La puerta de la fe

 

En el año de la fe, el santo Padre Benedicto XVI publicó un documento preparatorio con el nombre de “Porta fidei”, donde recordaba a todos los cristianos que el bautismo es la puerta de la fe y, por tanto, tras atravesar el umbral podemos entrar a gozar del tesoro de la Revelación, de los Sacramentos y de la vida de la Iglesia con Jesucristo y todo el pueblo cristiano de todos los tiempos.

Precisamente, la fiesta del bautismo del Señor que hemos celebrado recientemente, se nos recuerda que hemos terminado el tiempo de Navidad y que nos hemos incorporado al tiempo ordinario. Es decir, tras imitar el bautismo del Señor, que él mismo purificó las aguas y las convirtió en la materia del sacramento de la iniciación cristiana, debemos imitarle en su vida hasta la muerte y resurrección.

Por tanto, no hemos entrado en la Iglesia para quedarnos en la puerta, ni para observar atentamente lo que allí se nos ofrece, pues en la puerta suceden las corrientes y los enfriamientos, es decir la fe congelada, convertida en un paquete de ideas, en un código de conducta, en una religión de un Dios lejano.

La entrada en la Iglesia es para conocer y amar a Jesucristo y trabajar para Él y para su gloria, por amor a Dios y a todas las almas. En ese sentido al sacramento del bautismo se añade el de la confirmación, que viene en nuestro auxilio para darnos la fortaleza necesaria para ser fieles en las dificultades y problemas de la vida y la gracia necesaria para aprender a amar con la mayor delicadeza.

Como afirmaba con buen humor san Gregorio de Nisa en su tratado sobre la santidad: “Los cristianos no son santos porque son inconstantes”. De ahí que la solución que ofrecía fuera la conversión al amor permanente.

Es decir, la docilidad a las inspiraciones del Espíritu Santo puede enfocarse de dos maneras; la primera para convertir el corazón y reilusionarlo en el amor y, en segundo lugar, como docilidad para secundar las inspiraciones del Espíritu Santo e ir siempre a más en el amor.
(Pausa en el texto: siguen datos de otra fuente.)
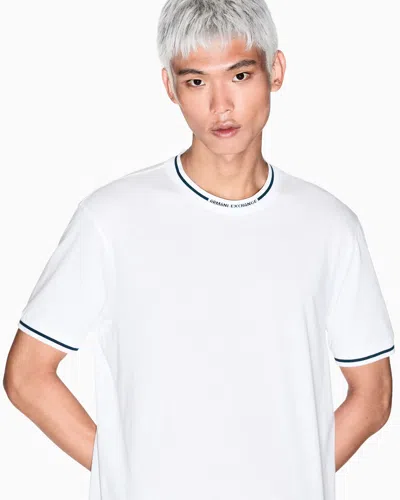Armani Exchange Regular Fit T-shirts In White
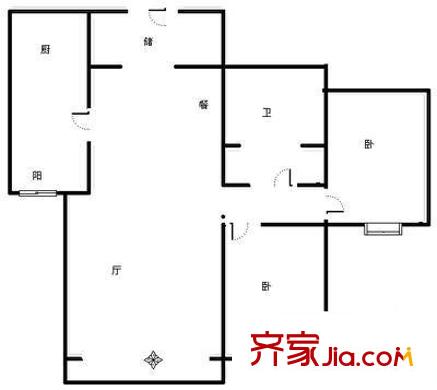 天通中苑戶型圖戶型圖 2室1廳1衛(wèi)1廚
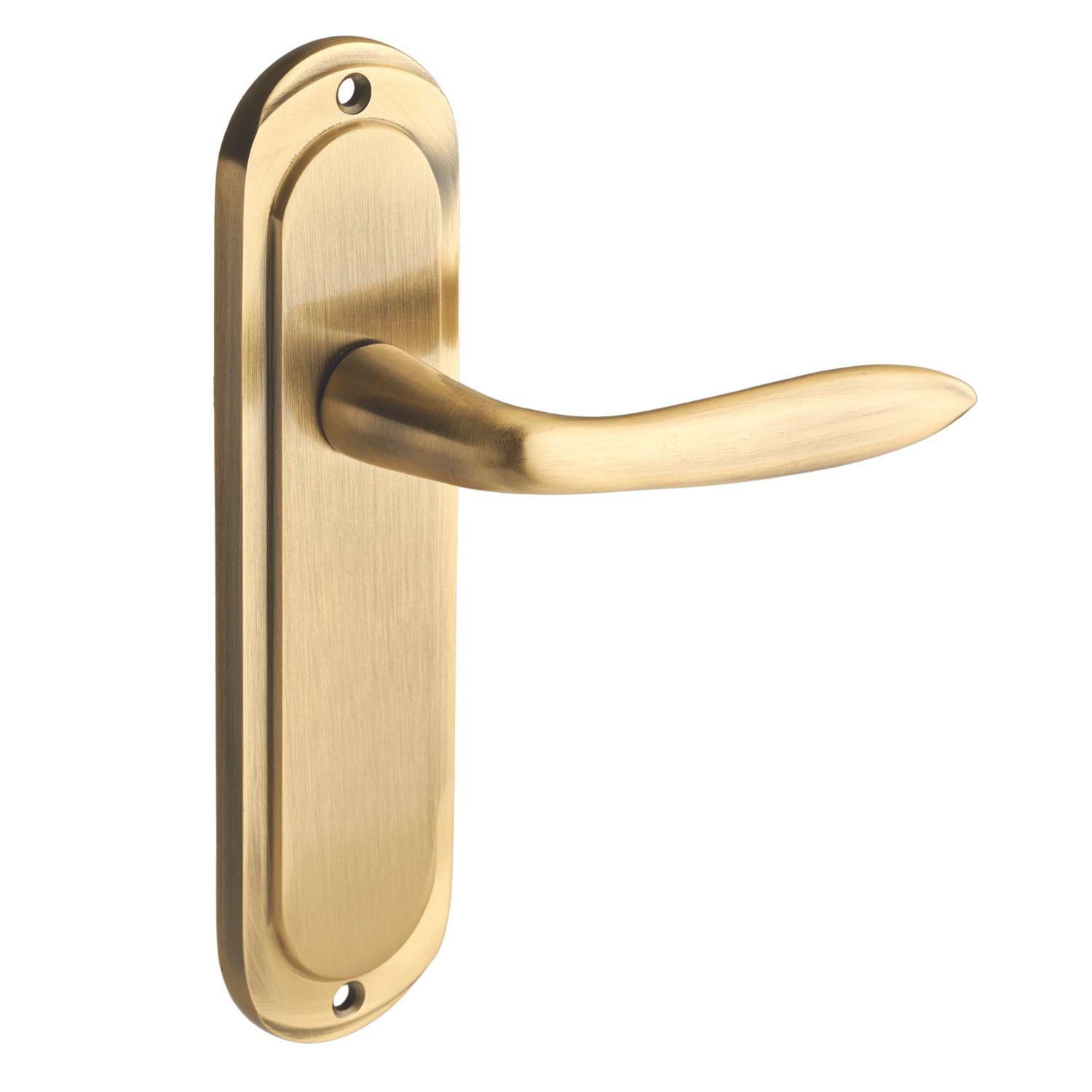 Designer Levers Mocho Fire Rated Latch Lever Door Handle Pair Antique Brass (827KK)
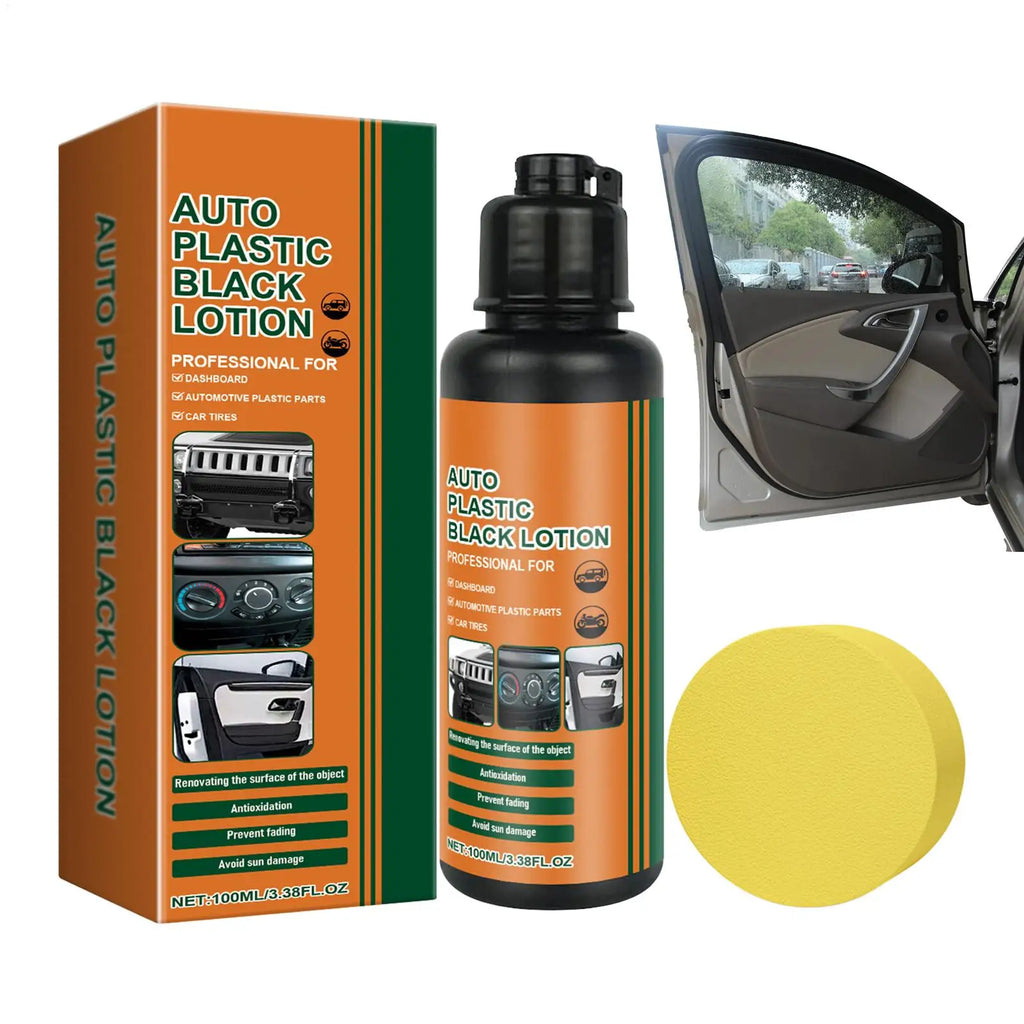 100ml Car Black Trim Restorer – Plastic & Rubber Renovator Car Trim Restorer Axl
Precisamente, en la escena del evangelio del bautismo del Señor, cuando Jesús se levanta de las aguas, desciende el Espíritu Santo en forma de paloma y se oye la voz de Dios Padre que exclama: “Este es mi Hijo muy amado en quien tengo puestas mis complacencias” (Mt 3,17).

Es muy conmovedor que a lo largo de la vida, Dios Padre pueda mirarnos muchas veces como hijos muy amados, porque cumplamos libremente la voluntad de Dios, no solo de vez en cuando sino habitualmente.

Finalmente, recordemos que Dios nos ha llamado a ser hijos predilectos, es más, como expresaba Mons. Fernando Ocáriz Prelado del Opus Dei, los cristianos somos “hijos en el Hijo”.

Como afirmaba san Josemaría “El que no se sabe hijo de Dios, desconoce su verdad más íntima, y carece en su actuación del dominio y del señorío propios de los que aman al Señor por encima de todas las cosas” (Amigos de Dios, n.26).